Originally published on U.S. News and World Report.

We can all likely agree we’re lucky drugs aren’t recalled as frequently as cars.

But when the Food and Drug Administration or a manufacturer recalls medicine, it’s particularly troublesome because getting to the patient who is prescribed that medicine is not as easy as informing people who drive a Chevy Cobalt with a faulty ignition, or one of 34 million owners with defective air bags.

An unthinkable accident happened again in May when Mylan (Nasdaq: MYL), the maker of a popular generic medicine called methotrexate, issued a voluntary recall for the injectable form of this drug, and three others, because of particulate matter in its vials. It recalled methotrexate in Canada in March.

This is not an isolated incident. It has happened twice in less than five years with methotrexate in the U.S.

Shards of glass were found in the vials the first time, and patients are still waiting for an apology. This time, Mylan did not even return a phone call or an inquiry made through its website regarding comment and information about the affected drugs.

With the latest drug recall, particulate matter in a handful of vials that, at most, a couple hundred thousand people take for a disease, unfortunately doesn’t break through today’s news cycle. In addition, the manufacturers of the medicines don’t always go out of their way to notify the public or draw attention to their potentially fatal error. Luckily, social media – driven by patients and patient organizations like CreakyJoints – help efficiently and effectively get the word out. Unfortunately, that too can fall short because not every patient is active on social media.

Before we go any further, if you or someone you know takes an injectable form of methotrexate to treat cancer or autoimmune diseases like rheumatoid arthritis, click here for details about the recall. Mylan is also recalling three other drugs: gemcitabine, carboplatin and cytarabine. Note the lot number, expiration date and other specifics in the FDA announcement, and check to see if you have a recalled drug.

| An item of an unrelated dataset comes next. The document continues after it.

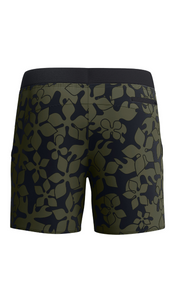 Print Volley 16" (Coral Floral/Deep Olive)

It’s worrisome that some drug manufacturers are not doing enough to protect consumers in the event of a recall, as this latest incident suggests.

Is it really our responsibility to promote a recall? The news media generally ignores recalls, and unlike the Department of Transportation, the FDA does not require the manufacturer to tell patients.

According to safercar.gov, a Department of Transportation website, “…If a safety defect is discovered, the manufacturer must notify NHTSA, as well as vehicle or equipment owners, dealers and distributors. The manufacturer is then required to remedy the problem at no charge to the owner. …”

FDA requires that customers be notified, but the definition of a customer does not include a patient. A customer can be a pharmacy, physician, insurance company, pharmacy benefit manager or other entity.

Some entity known to Mylan knows who is taking its prescription drug that has been recalled. Mylan, in this case, should be financially and legally responsible for notifying every patient, just as auto manufacturers are. One of many possible solutions is a confidential electronic record, updated automatically when a prescription is filled, allowing immediate notification, through a third-party, without loss of privacy. But some companies, including Mylan, are fighting important current discussions that would make it easier to notify patients.

Without full responsibility for patient safety, it is too easy for manufacturers to continue to save dollars instead of lives.